Banana Bread in a Jar, you will need:
Banana bread batter
Jelly size mason jars, with the wider opening and new lids
Pan for boiling lids
Preheat oven to 350
Step 1: CLEAN THE JARS! Just because they are new does not mean the jars are sanitized. Clean jars are the key to keeping the end product fresh and safe to eat once it arrives! Dishwashers are a great way to get the jars squeaky clean and hot enough to know all germs have been killed. If you do not have a dishwasher (we currently do not) I scrubbed the jars by hand and then put them in the oven for about 20 minutes to make sure they were good and safe! Once they are dry and cool you are ready to move on to the next step.
Step 2: Start by mixing up your favorite Banana Bread Recipe, I used my Super Moist Banana Bread, but any of your favorites will work. Once your done mixing your ingredients, use the cooking spray inside the jars. taking care to NOT get any oil on the opening of the mason jars. It is imporant to keep that edge squeaky clean so they seal properly. Produce wipes would be good if you spill on the edges since they are food safe.
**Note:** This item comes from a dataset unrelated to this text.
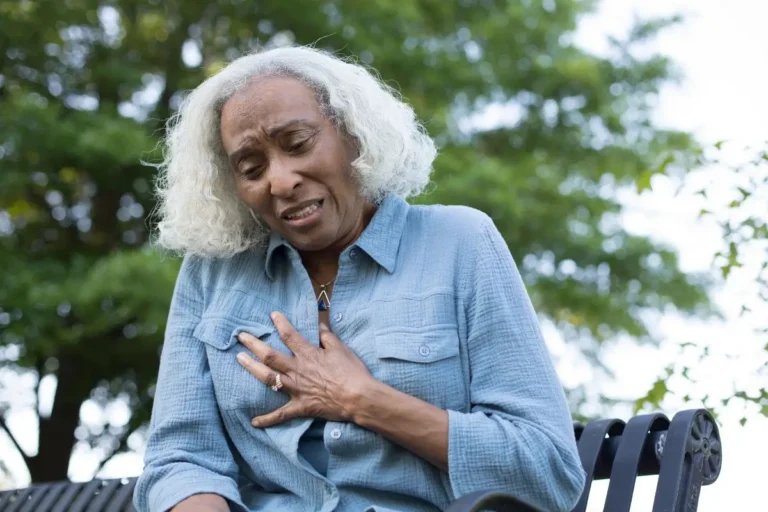 Sintomas de gases presos no tórax: como identificar, causas e aliviar o desconforto rapidamente 6 Sintomas de gases presos no tórax.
Step 3: Fill the jars only half way, using a smaller spoon to scoop the batter in. Your bread/cake/dough is going to raise while baking and if it gets to big you will not be able to close the lid. I learned this the hard way the first time I made anything in a jar. Halfway is a safe bet that they will turn out good!
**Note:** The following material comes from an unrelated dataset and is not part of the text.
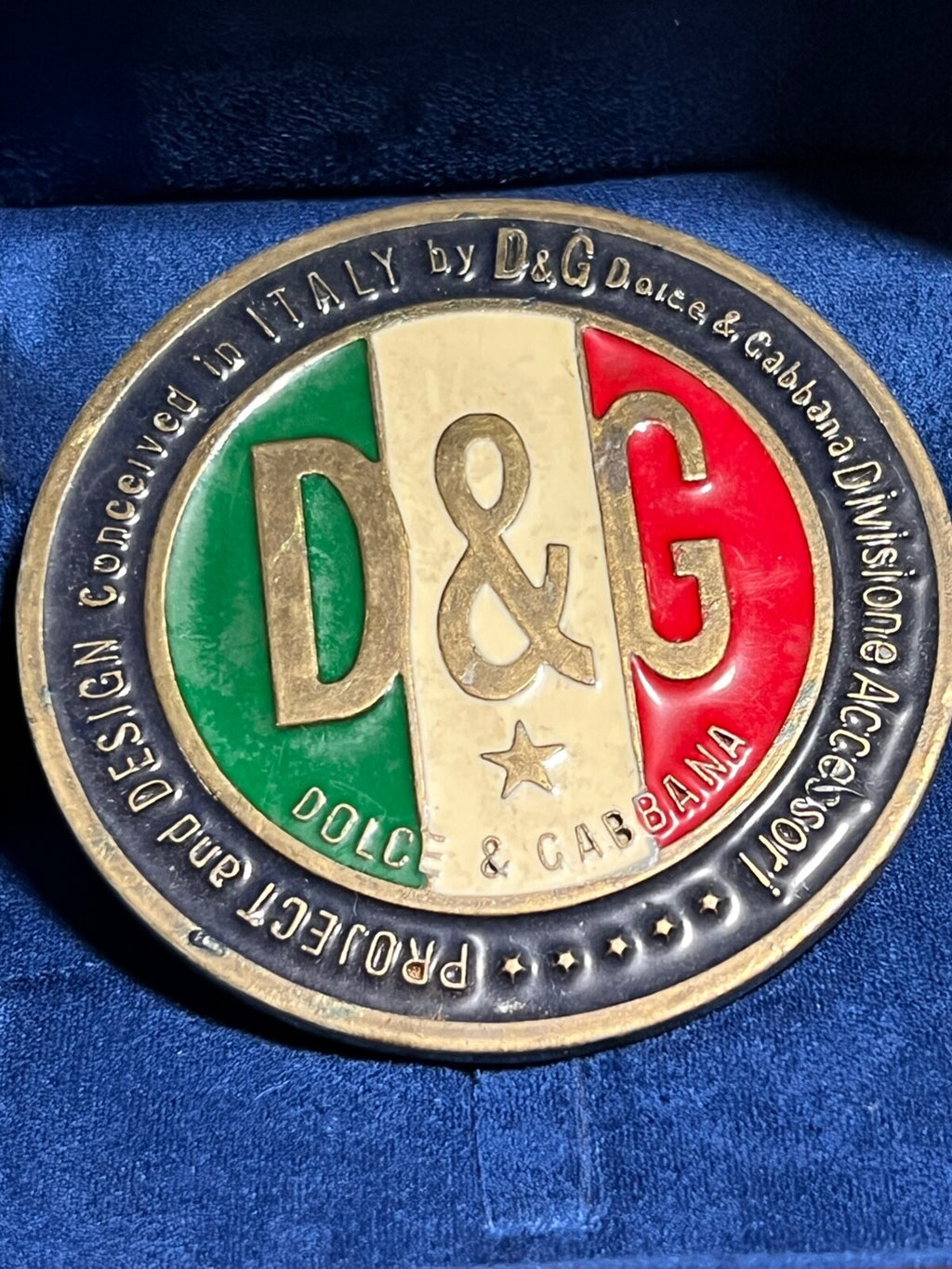 🔴 Gürtelschnalle aus Metall und Emaille von DOLCE &amp; GABBANA, Accessoires-Abteilung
Step 4A: Bake in the oven at 350 for about 30 minutes. A toothpick should come out clean before removing them from the oven. Sending under cooked foods might not convey the proper “thinking of you” message. I like to put the jars in my muffin pan, its easier to get them all in and out of the oven without dropping them.
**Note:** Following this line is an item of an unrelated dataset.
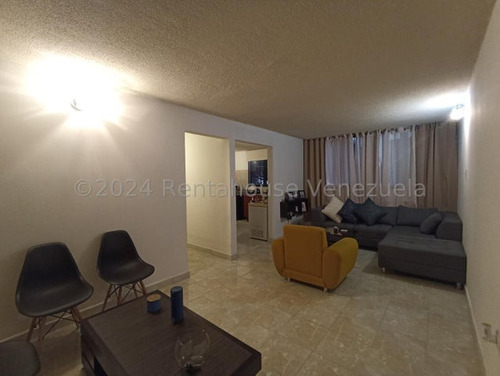 Apartamento De Oportunidad En La Morita Maracay 24-17587 Dc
Step 4B: While they are baking, get the lids into a pot of water and bring them to a boil. Once they boil I turn the heat down just a bit to a strong simmer and let them cook away while my jars cook. I like to keep the lids and rings together, so it is easier to get them back out of the hot water with tongs. The rings themselves do not need to be boiled, I just do it for convenience.
Step 5: Timing is everything here. The jars need to finish cooking after the lids have boiled for 5-10 minutes at least. Mine usually sit in the hard simmer stage about 10-15 minutes. Take your jars out of the oven and make sure they are fully cooked. WHILE EVERYTHING IS VERY HOT: Remove a lid from the water using tongs, and place it on the hot jar. Always use oven mitts for this! Tighten the lids down as soon as they come together and set aside to cool.
It is very important that everything gets put together while it is hot out of the oven and water, unlike other canned items that get pressure cooked, or boiled after the lids and jars come together these baked goods do not. The heat from the baking and boiling process is all that you will use to seal them up.
|No clue why the bread looks so dark in my photos,
it came out a perfect golden brown.
As the jars cool you will hear a “Pop” where the jars lid gets sealed tight. After you hear that sound these jars are safe to send. If you are unsure you can press on the center of the lid, if it has “give” or pops back up the jar did not seal. The banana bread in those jars is still good to eat, just like any other bread you would make but it probabily will not stay fresh and safe on the journey over seas. Best just to make it a tester
Take care in wrapping these! They are glass I use packing paper from our last move for these jars, or bubble wrap works too, and dont worry about the weight. These 6 fit perfectly into a medium flat rate square box, with enough room to throw in a card or photos and couple extra socks. The 6 pictured above are already on their way to a friends husband who is currently deployed.
Have you ever made goodies in a jar? Any other tips for people who are trying this for the first time?